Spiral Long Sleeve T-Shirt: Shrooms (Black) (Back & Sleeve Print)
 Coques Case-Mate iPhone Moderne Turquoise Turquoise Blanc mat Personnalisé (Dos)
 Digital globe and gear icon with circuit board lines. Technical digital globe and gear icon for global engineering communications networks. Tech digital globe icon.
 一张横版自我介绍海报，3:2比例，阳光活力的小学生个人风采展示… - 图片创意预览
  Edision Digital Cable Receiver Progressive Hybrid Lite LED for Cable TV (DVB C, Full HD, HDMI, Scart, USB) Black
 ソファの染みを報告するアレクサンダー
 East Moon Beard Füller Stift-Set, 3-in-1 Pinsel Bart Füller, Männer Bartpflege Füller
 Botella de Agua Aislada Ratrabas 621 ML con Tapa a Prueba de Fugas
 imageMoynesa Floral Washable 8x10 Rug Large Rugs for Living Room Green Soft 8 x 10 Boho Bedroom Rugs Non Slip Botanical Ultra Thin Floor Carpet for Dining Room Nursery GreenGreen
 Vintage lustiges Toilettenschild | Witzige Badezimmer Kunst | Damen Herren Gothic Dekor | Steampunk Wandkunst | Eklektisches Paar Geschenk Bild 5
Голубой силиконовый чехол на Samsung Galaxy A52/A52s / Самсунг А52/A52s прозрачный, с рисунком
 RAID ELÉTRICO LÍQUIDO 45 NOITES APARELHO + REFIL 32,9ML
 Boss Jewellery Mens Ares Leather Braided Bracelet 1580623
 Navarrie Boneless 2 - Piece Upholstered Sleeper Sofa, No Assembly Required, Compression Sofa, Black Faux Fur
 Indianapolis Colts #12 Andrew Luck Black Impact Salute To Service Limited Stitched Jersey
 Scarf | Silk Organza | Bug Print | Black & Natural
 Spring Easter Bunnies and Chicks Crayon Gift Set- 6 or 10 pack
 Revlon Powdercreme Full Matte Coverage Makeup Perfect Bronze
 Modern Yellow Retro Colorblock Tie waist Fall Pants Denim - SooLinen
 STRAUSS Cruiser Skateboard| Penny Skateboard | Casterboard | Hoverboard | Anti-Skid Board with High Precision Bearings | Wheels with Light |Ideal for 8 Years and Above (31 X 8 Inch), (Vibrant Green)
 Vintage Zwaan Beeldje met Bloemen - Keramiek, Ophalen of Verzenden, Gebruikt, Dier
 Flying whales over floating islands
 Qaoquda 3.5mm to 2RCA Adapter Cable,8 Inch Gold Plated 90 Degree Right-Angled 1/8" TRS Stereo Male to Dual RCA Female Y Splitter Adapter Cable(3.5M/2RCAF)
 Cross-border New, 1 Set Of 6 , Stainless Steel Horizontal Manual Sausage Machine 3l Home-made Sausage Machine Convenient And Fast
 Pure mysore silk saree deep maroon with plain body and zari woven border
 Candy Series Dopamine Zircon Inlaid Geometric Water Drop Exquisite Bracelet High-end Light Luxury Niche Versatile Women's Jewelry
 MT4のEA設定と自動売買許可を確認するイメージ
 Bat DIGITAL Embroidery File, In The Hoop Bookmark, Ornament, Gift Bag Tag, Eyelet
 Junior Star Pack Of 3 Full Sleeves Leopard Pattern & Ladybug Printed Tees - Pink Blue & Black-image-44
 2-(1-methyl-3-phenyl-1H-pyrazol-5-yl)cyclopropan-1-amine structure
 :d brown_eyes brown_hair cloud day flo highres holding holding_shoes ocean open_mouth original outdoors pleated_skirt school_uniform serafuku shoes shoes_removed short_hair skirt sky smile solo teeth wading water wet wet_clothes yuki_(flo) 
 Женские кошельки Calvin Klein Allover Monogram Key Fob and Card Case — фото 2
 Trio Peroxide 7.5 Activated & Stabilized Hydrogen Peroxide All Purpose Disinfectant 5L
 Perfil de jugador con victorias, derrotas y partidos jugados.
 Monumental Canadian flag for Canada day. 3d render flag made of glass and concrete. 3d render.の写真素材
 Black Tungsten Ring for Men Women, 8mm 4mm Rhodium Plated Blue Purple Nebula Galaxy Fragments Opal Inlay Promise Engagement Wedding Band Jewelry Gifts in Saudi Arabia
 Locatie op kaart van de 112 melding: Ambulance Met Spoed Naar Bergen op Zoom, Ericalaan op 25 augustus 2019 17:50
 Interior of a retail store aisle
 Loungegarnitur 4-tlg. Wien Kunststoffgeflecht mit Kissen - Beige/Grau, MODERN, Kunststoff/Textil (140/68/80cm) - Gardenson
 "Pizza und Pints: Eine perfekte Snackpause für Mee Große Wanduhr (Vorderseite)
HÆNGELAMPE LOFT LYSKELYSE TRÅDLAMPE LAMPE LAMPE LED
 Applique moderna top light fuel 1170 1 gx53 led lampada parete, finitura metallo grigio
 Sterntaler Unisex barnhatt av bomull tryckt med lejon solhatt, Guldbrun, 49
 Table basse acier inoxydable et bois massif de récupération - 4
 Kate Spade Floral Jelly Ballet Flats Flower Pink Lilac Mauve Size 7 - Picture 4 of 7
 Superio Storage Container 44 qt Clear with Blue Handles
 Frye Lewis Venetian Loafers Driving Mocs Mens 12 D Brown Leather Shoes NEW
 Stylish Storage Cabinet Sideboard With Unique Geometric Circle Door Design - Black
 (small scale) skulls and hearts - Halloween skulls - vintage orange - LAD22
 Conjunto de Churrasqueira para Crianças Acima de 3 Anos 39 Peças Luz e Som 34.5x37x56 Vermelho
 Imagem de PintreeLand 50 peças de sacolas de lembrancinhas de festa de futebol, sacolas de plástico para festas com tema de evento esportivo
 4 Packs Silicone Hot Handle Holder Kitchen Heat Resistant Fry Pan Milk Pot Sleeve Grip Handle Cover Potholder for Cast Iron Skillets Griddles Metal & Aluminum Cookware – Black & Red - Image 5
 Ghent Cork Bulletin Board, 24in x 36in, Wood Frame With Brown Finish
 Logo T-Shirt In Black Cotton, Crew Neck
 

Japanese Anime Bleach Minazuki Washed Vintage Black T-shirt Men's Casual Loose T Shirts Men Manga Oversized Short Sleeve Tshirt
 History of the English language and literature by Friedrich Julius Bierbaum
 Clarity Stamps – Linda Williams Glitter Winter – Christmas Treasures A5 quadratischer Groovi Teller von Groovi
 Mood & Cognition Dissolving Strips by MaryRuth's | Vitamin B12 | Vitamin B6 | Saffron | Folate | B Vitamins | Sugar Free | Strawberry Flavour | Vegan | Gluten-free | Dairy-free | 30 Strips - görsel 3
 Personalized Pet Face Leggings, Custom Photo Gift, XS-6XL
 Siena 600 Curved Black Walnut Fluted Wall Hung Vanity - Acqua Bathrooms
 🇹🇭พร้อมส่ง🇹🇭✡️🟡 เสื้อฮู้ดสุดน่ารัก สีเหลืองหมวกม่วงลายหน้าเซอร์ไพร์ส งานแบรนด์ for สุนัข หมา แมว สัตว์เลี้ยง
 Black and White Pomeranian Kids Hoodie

◆ Task directions
What is wanted is the full set of entries above, reproduced exactly.

◆ Answer space
Spiral Long Sleeve T-Shirt: Shrooms (Black) (Back & Sleeve Print)
 Coques Case-Mate iPhone Moderne Turquoise Turquoise Blanc mat Personnalisé (Dos)
 Digital globe and gear icon with circuit board lines. Technical digital globe and gear icon for global engineering communications networks. Tech digital globe icon.
 一张横版自我介绍海报，3:2比例，阳光活力的小学生个人风采展示… - 图片创意预览
  Edision Digital Cable Receiver Progressive Hybrid Lite LED for Cable TV (DVB C, Full HD, HDMI, Scart, USB) Black
 ソファの染みを報告するアレクサンダー
 East Moon Beard Füller Stift-Set, 3-in-1 Pinsel Bart Füller, Männer Bartpflege Füller
 Botella de Agua Aislada Ratrabas 621 ML con Tapa a Prueba de Fugas
 imageMoynesa Floral Washable 8x10 Rug Large Rugs for Living Room Green Soft 8 x 10 Boho Bedroom Rugs Non Slip Botanical Ultra Thin Floor Carpet for Dining Room Nursery GreenGreen
 Vintage lustiges Toilettenschild | Witzige Badezimmer Kunst | Damen Herren Gothic Dekor | Steampunk Wandkunst | Eklektisches Paar Geschenk Bild 5
Голубой силиконовый чехол на Samsung Galaxy A52/A52s / Самсунг А52/A52s прозрачный, с рисунком
 RAID ELÉTRICO LÍQUIDO 45 NOITES APARELHO + REFIL 32,9ML
 Boss Jewellery Mens Ares Leather Braided Bracelet 1580623
 Navarrie Boneless 2 - Piece Upholstered Sleeper Sofa, No Assembly Required, Compression Sofa, Black Faux Fur
 Indianapolis Colts #12 Andrew Luck Black Impact Salute To Service Limited Stitched Jersey
 Scarf | Silk Organza | Bug Print | Black & Natural
 Spring Easter Bunnies and Chicks Crayon Gift Set- 6 or 10 pack
 Revlon Powdercreme Full Matte Coverage Makeup Perfect Bronze
 Modern Yellow Retro Colorblock Tie waist Fall Pants Denim - SooLinen
 STRAUSS Cruiser Skateboard| Penny Skateboard | Casterboard | Hoverboard | Anti-Skid Board with High Precision Bearings | Wheels with Light |Ideal for 8 Years and Above (31 X 8 Inch), (Vibrant Green)
 Vintage Zwaan Beeldje met Bloemen - Keramiek, Ophalen of Verzenden, Gebruikt, Dier
 Flying whales over floating islands
 Qaoquda 3.5mm to 2RCA Adapter Cable,8 Inch Gold Plated 90 Degree Right-Angled 1/8" TRS Stereo Male to Dual RCA Female Y Splitter Adapter Cable(3.5M/2RCAF)
 Cross-border New, 1 Set Of 6 , Stainless Steel Horizontal Manual Sausage Machine 3l Home-made Sausage Machine Convenient And Fast
 Pure mysore silk saree deep maroon with plain body and zari woven border
 Candy Series Dopamine Zircon Inlaid Geometric Water Drop Exquisite Bracelet High-end Light Luxury Niche Versatile Women's Jewelry
 MT4のEA設定と自動売買許可を確認するイメージ
 Bat DIGITAL Embroidery File, In The Hoop Bookmark, Ornament, Gift Bag Tag, Eyelet
 Junior Star Pack Of 3 Full Sleeves Leopard Pattern & Ladybug Printed Tees - Pink Blue & Black-image-44
 2-(1-methyl-3-phenyl-1H-pyrazol-5-yl)cyclopropan-1-amine structure
 :d brown_eyes brown_hair cloud day flo highres holding holding_shoes ocean open_mouth original outdoors pleated_skirt school_uniform serafuku shoes shoes_removed short_hair skirt sky smile solo teeth wading water wet wet_clothes yuki_(flo) 
 Женские кошельки Calvin Klein Allover Monogram Key Fob and Card Case — фото 2
 Trio Peroxide 7.5 Activated & Stabilized Hydrogen Peroxide All Purpose Disinfectant 5L
 Perfil de jugador con victorias, derrotas y partidos jugados.
 Monumental Canadian flag for Canada day. 3d render flag made of glass and concrete. 3d render.の写真素材
 Black Tungsten Ring for Men Women, 8mm 4mm Rhodium Plated Blue Purple Nebula Galaxy Fragments Opal Inlay Promise Engagement Wedding Band Jewelry Gifts in Saudi Arabia
 Locatie op kaart van de 112 melding: Ambulance Met Spoed Naar Bergen op Zoom, Ericalaan op 25 augustus 2019 17:50
 Interior of a retail store aisle
 Loungegarnitur 4-tlg. Wien Kunststoffgeflecht mit Kissen - Beige/Grau, MODERN, Kunststoff/Textil (140/68/80cm) - Gardenson
 "Pizza und Pints: Eine perfekte Snackpause für Mee Große Wanduhr (Vorderseite)
HÆNGELAMPE LOFT LYSKELYSE TRÅDLAMPE LAMPE LAMPE LED
 Applique moderna top light fuel 1170 1 gx53 led lampada parete, finitura metallo grigio
 Sterntaler Unisex barnhatt av bomull tryckt med lejon solhatt, Guldbrun, 49
 Table basse acier inoxydable et bois massif de récupération - 4
 Kate Spade Floral Jelly Ballet Flats Flower Pink Lilac Mauve Size 7 - Picture 4 of 7
 Superio Storage Container 44 qt Clear with Blue Handles
 Frye Lewis Venetian Loafers Driving Mocs Mens 12 D Brown Leather Shoes NEW
 Stylish Storage Cabinet Sideboard With Unique Geometric Circle Door Design - Black
 (small scale) skulls and hearts - Halloween skulls - vintage orange - LAD22
 Conjunto de Churrasqueira para Crianças Acima de 3 Anos 39 Peças Luz e Som 34.5x37x56 Vermelho
 Imagem de PintreeLand 50 peças de sacolas de lembrancinhas de festa de futebol, sacolas de plástico para festas com tema de evento esportivo
 4 Packs Silicone Hot Handle Holder Kitchen Heat Resistant Fry Pan Milk Pot Sleeve Grip Handle Cover Potholder for Cast Iron Skillets Griddles Metal & Aluminum Cookware – Black & Red - Image 5
 Ghent Cork Bulletin Board, 24in x 36in, Wood Frame With Brown Finish
 Logo T-Shirt In Black Cotton, Crew Neck
 

Japanese Anime Bleach Minazuki Washed Vintage Black T-shirt Men's Casual Loose T Shirts Men Manga Oversized Short Sleeve Tshirt
 History of the English language and literature by Friedrich Julius Bierbaum
 Clarity Stamps – Linda Williams Glitter Winter – Christmas Treasures A5 quadratischer Groovi Teller von Groovi
 Mood & Cognition Dissolving Strips by MaryRuth's | Vitamin B12 | Vitamin B6 | Saffron | Folate | B Vitamins | Sugar Free | Strawberry Flavour | Vegan | Gluten-free | Dairy-free | 30 Strips - görsel 3
 Personalized Pet Face Leggings, Custom Photo Gift, XS-6XL
 Siena 600 Curved Black Walnut Fluted Wall Hung Vanity - Acqua Bathrooms
 🇹🇭พร้อมส่ง🇹🇭✡️🟡 เสื้อฮู้ดสุดน่ารัก สีเหลืองหมวกม่วงลายหน้าเซอร์ไพร์ส งานแบรนด์ for สุนัข หมา แมว สัตว์เลี้ยง
 Black and White Pomeranian Kids Hoodie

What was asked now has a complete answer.